Exception ignored in: <bound method Monitor.__del__ of <Monitor<TimeLimit<FrozenLakeEnv<FrozenLake-v0>>>>>
Traceback (most recent call last):
  File "C:\Users\Alex\OneDrive\Documents\Classes\OSU\Research\PyPlan\WinPython\python-3.6.1.amd64\lib\site-packages\gym\wrappers\monitoring.py", line 244, in __del__
    self.close()
  File "C:\Users\Alex\OneDrive\Documents\Classes\OSU\Research\PyPlan\WinPython\python-3.6.1.amd64\lib\site-packages\gym\wrappers\monitoring.py", line 153, in close
    self._flush(force=True)
  File "C:\Users\Alex\OneDrive\Documents\Classes\OSU\Research\PyPlan\WinPython\python-3.6.1.amd64\lib\site-packages\gym\wrappers\monitoring.py", line 144, in _flush
    }, f, default=json_encode_np)
  File "C:\Users\Alex\OneDrive\Documents\Classes\OSU\Research\PyPlan\WinPython\python-3.6.1.amd64\lib\contextlib.py", line 89, in __exit__
    next(self.gen)
  File "C:\Users\Alex\OneDrive\Documents\Classes\OSU\Research\PyPlan\WinPython\python-3.6.1.amd64\lib\site-packages\gym\utils\atomic_write.py", line 50, in atomic_write
    replace(tmppath, filepath)
PermissionError: [WinError 5] Access denied: (writing temporary manifest file to actual manifest file)

The code is here.

olegklimov commented 7 years ago

WinError means you are on Windows? Windows locks files when they are written to, and in some other cases.

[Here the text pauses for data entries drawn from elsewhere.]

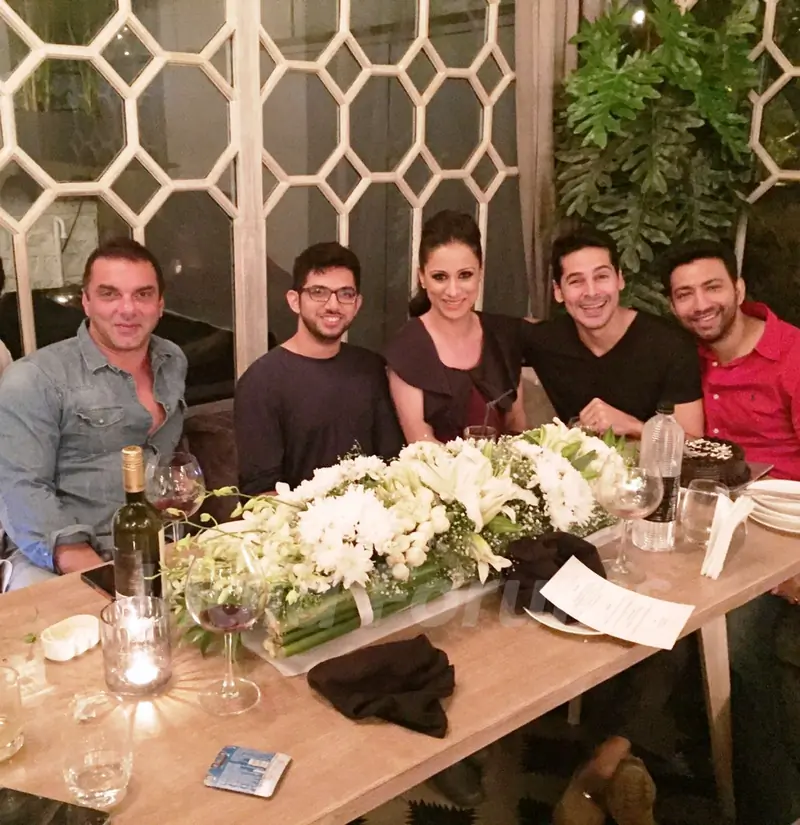 Sohail Khan, Aditya Thackeray, Rouble Nagi and Dino Morea!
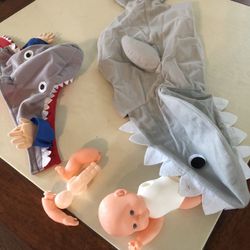 Dog Shark Costume 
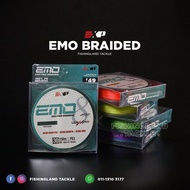 EXP EMO 8x Casting Braided | 150m 6lbs - 50lb | Ultra Sensitive Smooth Thin Strong Pe Multifilament 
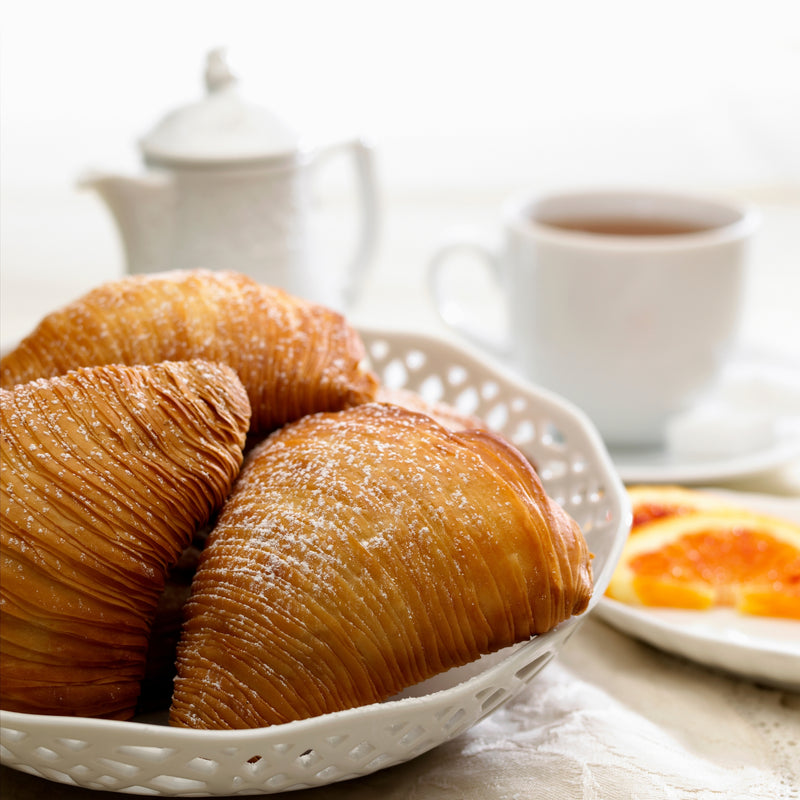 Large Italian Sfogliatelle Take and Bake Pastries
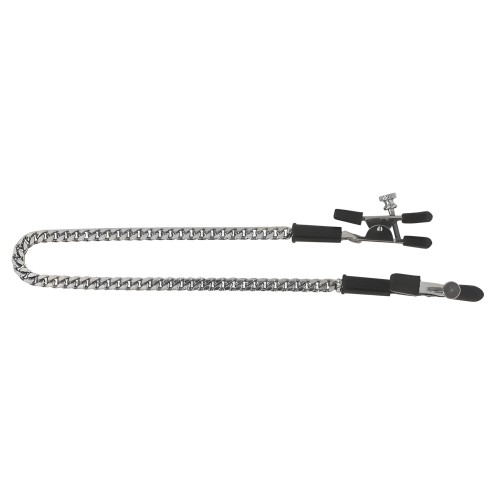 Spartacus Nipple Clamps Rubber Tipped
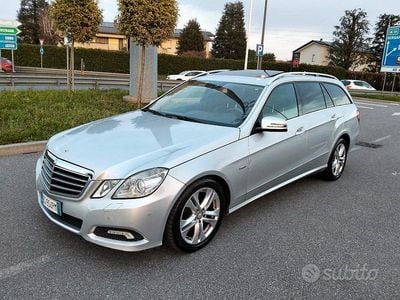 Usata Mercedes E250 Avantgarde 2011 Grigio Station wagon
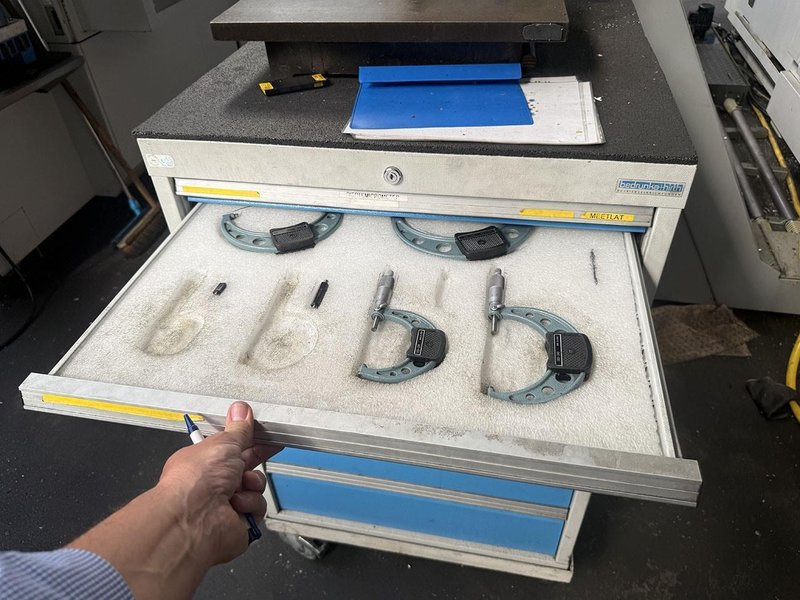Haas - UMC 750 X: 762 - Y: 508 - Z: 508 mm CNC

With any kind of multiprocessing, a good idea is to write to different files. It's second parameter in Monitor constructor for this purpose.

alexander-turner commented 7 years ago

Which parameter would that be - uid? These are the ones I see. I currently have force disabled and resume enabled.

directory (str): A per-training run directory where to record stats.
video_callable (Optional[function, False]): function that takes in the index of the episode and
    outputs a boolean, indicating whether we should record a video on this episode.
    The default (for video_callable is None) is to take perfect cubes, capped at 1000.
    False disables video recording.
force (bool): Clear out existing training data from this directory
     (by deleting every file prefixed with "openaigym.").
resume (bool): Retain the training data already in this directory, which will be merged with our new data
write_upon_reset (bool): Write the manifest file on each reset. (This is currently a JSON file,
     so writing it is somewhat expensive.)
uid (Optional[str]): A unique id used as part of the suffix for the file. By default, uses os.getpid().
     mode (['evaluation', 'training']): Whether this is an evaluation or training episode.
olegklimov commented 7 years ago

Oops I was looking on different Monitor, sorry. So as a random advice, try to disable writing manifest for every process except one. If there's a problem others are likely to hit, let's fix it for everyone.

alexander-turner commented 7 years ago

I'm not quite sure how to disable writing for all but one, but I did enable write_upon_reset and that fixed the access error. However, the episode_batch file still leaves much to be desired:

{"initial_reset_timestamp": 1498670304.8532367, "timestamps": [], "episode_lengths": [], "episode_rewards": [], "episode_types": ["t"]}

Accordingly, this error appears:

gym.error.InvalidRequestError: Request req_JN9PvTSQ3GqpxZ41PHm5A: Must provide a training episode batch.

Edit: For unrelated reasons, I updated the interface so it uses multiprocessing.Pool; the issue remains, however.

alexander-turner commented 7 years ago

Fixed issue - problem was with how I was closing the environments and keeping track of the monitors.

alexander-turner commented 7 years ago

I solved another issue, but this underlying issue is still there, unfortunately. It will now run and save the data correctly, but it still won't write the correct information to the episode_batch file, so I can't upload anything (even though all the videos and other metadata are present).

alexander-turner commented 7 years ago

Figured this out more quickly than I thought I would. Turns out that using multiprocessing like this causes stats_recorder to flush its output way too early (when it doesn't have anything, generally). I fixed this by having each process in the pool pass back its local episode information, manually creating the requisite lists for the batch file in the env.stats_recorder object, flushing, and then uploading.